Thursday, January 27, 2011

Of Balanced Budgets and Bankruptcies

This was Senator John Cornyn (R-TX) in December, extolling the fiscal responsibility of the states in comparison to the federal government:

"A balanced budget amendment is a good idea, but certainly not a new one. All but one of the 50 states already have some form of a balanced budget amendment in their state constitutions, and we can draw from the experience of the states in drafting an amendment appropriate for the federal government."
-- Senator John Cornyn, December 1, 2010

This was Senator Cornyn this week, explaining what he thinks is needed to rescue those same states:

"Senate Republican leaders said on Tuesday they were considering introducing legislation to allow financially stressed U.S. states to declare bankruptcy ... 'We're exploring that as a responsible option,' Senator John Cornyn, who sits on both the Budget and Finance committees, told reporters."
-- Reuters

After the jump, tying Cornyn's ideas together.

Cornyn's juggling act here shows that a balanced budget requirement is no guarantee of fiscal health for state governments. Such a requirement may even bring on defaults as stresses caused by severe recessions break the budgets of states, forcing retractions in state spending, further aggravating the recession and accelerating a vicious cycle to default.

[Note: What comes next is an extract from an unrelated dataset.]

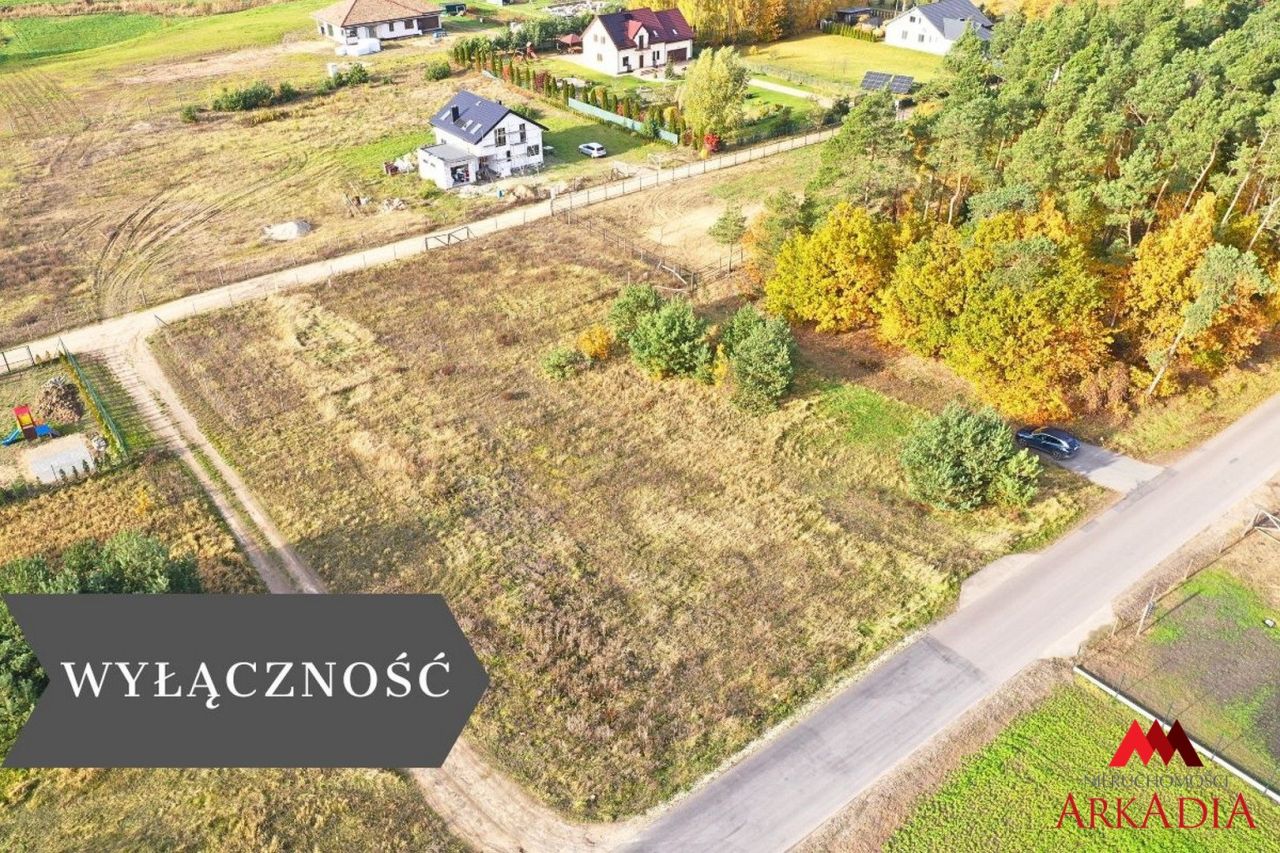 Działka budowlana Kąty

Imposing such a restriction on the federal government will likewise increase the chances that recessions will turn into depressions. Because in 2008 Cornyn had not yet succeeded in crippling the federal government's ability to react in a financial crisis, our national economy escaped what Chairman of the Federal Reserve Ben Bernanke called "Depression 2.0". According to a study by economists Alan Blinder and Mark Zandi:

"The effects of the fiscal stimulus alone appear very substantial, raising 2010 real GDP by about 3.4%, holding the unemployment rate about 1½ percentage points lower, and adding almost 2.7 million jobs to U.S. payrolls."

So, is a balanced budget amendment really a "good idea?" Only if you want to limit government's ability to respond to recessions. Only if you look back on the Great Depression as a golden age of American history.